=== Data provided ===
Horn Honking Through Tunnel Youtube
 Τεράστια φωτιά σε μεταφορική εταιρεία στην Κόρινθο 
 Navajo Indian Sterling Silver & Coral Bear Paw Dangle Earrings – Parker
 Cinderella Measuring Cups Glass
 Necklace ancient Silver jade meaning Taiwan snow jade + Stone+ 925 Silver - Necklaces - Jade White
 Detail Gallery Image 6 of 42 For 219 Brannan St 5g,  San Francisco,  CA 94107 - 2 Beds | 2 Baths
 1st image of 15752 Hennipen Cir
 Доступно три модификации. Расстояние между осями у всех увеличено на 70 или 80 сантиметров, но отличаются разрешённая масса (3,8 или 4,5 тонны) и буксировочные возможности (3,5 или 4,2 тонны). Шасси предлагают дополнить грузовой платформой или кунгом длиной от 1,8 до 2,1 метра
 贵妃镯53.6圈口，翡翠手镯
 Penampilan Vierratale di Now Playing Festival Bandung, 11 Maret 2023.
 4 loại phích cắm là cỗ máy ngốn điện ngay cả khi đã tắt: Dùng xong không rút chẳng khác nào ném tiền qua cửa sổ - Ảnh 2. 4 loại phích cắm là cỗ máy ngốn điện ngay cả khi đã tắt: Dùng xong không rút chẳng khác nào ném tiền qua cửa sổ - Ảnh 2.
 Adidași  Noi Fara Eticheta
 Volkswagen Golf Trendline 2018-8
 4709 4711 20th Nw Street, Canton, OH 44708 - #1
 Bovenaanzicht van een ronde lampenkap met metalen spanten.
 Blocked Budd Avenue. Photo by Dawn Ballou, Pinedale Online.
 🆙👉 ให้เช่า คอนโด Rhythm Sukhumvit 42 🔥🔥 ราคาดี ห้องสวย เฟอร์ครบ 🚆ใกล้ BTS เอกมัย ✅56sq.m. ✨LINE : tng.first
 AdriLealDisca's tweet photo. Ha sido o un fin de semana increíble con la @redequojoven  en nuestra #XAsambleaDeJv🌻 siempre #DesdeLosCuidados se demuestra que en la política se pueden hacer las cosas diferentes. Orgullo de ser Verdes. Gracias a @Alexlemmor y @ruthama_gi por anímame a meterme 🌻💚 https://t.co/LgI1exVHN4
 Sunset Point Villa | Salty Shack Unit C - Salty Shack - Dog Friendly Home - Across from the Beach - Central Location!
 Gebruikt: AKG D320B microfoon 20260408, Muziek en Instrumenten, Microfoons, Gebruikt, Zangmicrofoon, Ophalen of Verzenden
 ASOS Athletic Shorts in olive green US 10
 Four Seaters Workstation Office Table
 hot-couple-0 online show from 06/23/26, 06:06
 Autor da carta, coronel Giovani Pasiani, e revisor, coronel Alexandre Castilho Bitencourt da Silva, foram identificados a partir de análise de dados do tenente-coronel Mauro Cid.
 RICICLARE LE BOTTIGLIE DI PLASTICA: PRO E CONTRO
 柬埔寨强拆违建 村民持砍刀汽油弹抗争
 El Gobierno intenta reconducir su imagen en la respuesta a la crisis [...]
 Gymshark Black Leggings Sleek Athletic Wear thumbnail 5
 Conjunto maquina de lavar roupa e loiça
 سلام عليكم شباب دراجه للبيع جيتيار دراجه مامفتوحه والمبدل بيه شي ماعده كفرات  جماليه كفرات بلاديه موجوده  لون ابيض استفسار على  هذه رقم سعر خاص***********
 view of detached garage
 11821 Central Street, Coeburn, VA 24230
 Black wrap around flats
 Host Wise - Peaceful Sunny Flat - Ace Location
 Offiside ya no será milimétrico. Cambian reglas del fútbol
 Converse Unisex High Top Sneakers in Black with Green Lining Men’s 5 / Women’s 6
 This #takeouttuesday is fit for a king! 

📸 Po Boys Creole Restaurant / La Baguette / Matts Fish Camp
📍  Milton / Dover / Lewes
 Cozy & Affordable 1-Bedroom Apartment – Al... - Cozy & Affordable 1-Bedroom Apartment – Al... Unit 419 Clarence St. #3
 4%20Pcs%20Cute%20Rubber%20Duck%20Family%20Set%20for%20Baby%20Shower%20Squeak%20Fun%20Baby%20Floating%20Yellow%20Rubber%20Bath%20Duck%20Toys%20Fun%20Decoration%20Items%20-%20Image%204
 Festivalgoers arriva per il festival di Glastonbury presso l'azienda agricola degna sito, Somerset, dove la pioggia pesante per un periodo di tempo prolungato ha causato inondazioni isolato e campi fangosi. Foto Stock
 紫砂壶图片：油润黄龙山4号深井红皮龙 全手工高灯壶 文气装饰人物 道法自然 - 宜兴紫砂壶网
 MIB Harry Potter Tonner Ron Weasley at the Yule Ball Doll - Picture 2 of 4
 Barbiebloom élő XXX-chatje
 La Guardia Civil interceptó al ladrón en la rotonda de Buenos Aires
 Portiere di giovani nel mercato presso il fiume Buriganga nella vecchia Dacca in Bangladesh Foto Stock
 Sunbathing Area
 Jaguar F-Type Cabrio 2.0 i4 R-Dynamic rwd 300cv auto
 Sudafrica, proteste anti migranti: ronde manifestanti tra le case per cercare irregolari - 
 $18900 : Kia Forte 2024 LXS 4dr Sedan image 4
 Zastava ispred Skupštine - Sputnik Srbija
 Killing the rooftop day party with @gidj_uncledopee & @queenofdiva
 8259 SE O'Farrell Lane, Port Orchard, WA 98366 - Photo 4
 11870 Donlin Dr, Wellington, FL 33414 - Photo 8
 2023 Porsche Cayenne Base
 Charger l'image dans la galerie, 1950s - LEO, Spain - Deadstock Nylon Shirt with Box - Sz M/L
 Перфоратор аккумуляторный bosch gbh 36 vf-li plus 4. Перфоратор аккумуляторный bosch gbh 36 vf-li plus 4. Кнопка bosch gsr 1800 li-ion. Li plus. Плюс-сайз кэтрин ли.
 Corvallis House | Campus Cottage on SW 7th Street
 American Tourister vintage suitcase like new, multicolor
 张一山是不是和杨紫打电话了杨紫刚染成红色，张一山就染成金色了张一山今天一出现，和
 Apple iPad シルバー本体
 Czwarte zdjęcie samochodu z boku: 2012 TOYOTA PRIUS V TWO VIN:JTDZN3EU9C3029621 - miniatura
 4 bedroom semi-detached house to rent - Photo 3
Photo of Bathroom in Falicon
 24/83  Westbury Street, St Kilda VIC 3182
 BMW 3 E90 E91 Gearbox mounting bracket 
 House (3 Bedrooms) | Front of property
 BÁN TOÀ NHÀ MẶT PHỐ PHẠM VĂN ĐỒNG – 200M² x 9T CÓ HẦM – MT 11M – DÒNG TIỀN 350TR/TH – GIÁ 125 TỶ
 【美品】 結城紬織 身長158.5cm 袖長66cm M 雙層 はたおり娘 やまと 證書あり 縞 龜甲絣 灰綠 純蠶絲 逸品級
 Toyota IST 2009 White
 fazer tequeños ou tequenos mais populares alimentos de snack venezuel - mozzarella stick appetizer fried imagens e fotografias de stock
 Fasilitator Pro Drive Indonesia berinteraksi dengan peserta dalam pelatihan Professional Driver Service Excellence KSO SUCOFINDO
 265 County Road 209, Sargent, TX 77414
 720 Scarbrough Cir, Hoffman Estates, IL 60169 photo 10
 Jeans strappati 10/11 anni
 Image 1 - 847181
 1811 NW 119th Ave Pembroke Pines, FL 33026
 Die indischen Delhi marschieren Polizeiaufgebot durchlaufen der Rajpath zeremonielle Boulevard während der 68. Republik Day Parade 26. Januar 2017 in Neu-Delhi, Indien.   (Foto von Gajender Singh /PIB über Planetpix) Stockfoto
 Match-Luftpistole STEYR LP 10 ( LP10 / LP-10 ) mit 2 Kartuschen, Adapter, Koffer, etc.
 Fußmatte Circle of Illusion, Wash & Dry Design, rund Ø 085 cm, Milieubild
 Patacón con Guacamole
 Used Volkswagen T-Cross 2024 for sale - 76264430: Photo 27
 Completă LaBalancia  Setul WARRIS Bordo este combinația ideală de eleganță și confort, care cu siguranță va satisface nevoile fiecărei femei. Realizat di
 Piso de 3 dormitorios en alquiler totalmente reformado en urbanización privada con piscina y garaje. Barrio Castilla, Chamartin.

=== Instructions to follow ===
Starting at the line above that contains "Corvallis House |", repeat each line exactly up to and including the line that contains "Patacón con Guacamole", and stop there.

=== Exercise response ===
 Corvallis House | Campus Cottage on SW 7th Street
 American Tourister vintage suitcase like new, multicolor
 张一山是不是和杨紫打电话了杨紫刚染成红色，张一山就染成金色了张一山今天一出现，和
 Apple iPad シルバー本体
 Czwarte zdjęcie samochodu z boku: 2012 TOYOTA PRIUS V TWO VIN:JTDZN3EU9C3029621 - miniatura
 4 bedroom semi-detached house to rent - Photo 3
Photo of Bathroom in Falicon
 24/83  Westbury Street, St Kilda VIC 3182
 BMW 3 E90 E91 Gearbox mounting bracket 
 House (3 Bedrooms) | Front of property
 BÁN TOÀ NHÀ MẶT PHỐ PHẠM VĂN ĐỒNG – 200M² x 9T CÓ HẦM – MT 11M – DÒNG TIỀN 350TR/TH – GIÁ 125 TỶ
 【美品】 結城紬織 身長158.5cm 袖長66cm M 雙層 はたおり娘 やまと 證書あり 縞 龜甲絣 灰綠 純蠶絲 逸品級
 Toyota IST 2009 White
 fazer tequeños ou tequenos mais populares alimentos de snack venezuel - mozzarella stick appetizer fried imagens e fotografias de stock
 Fasilitator Pro Drive Indonesia berinteraksi dengan peserta dalam pelatihan Professional Driver Service Excellence KSO SUCOFINDO
 265 County Road 209, Sargent, TX 77414
 720 Scarbrough Cir, Hoffman Estates, IL 60169 photo 10
 Jeans strappati 10/11 anni
 Image 1 - 847181
 1811 NW 119th Ave Pembroke Pines, FL 33026
 Die indischen Delhi marschieren Polizeiaufgebot durchlaufen der Rajpath zeremonielle Boulevard während der 68. Republik Day Parade 26. Januar 2017 in Neu-Delhi, Indien.   (Foto von Gajender Singh /PIB über Planetpix) Stockfoto
 Match-Luftpistole STEYR LP 10 ( LP10 / LP-10 ) mit 2 Kartuschen, Adapter, Koffer, etc.
 Fußmatte Circle of Illusion, Wash & Dry Design, rund Ø 085 cm, Milieubild
 Patacón con Guacamole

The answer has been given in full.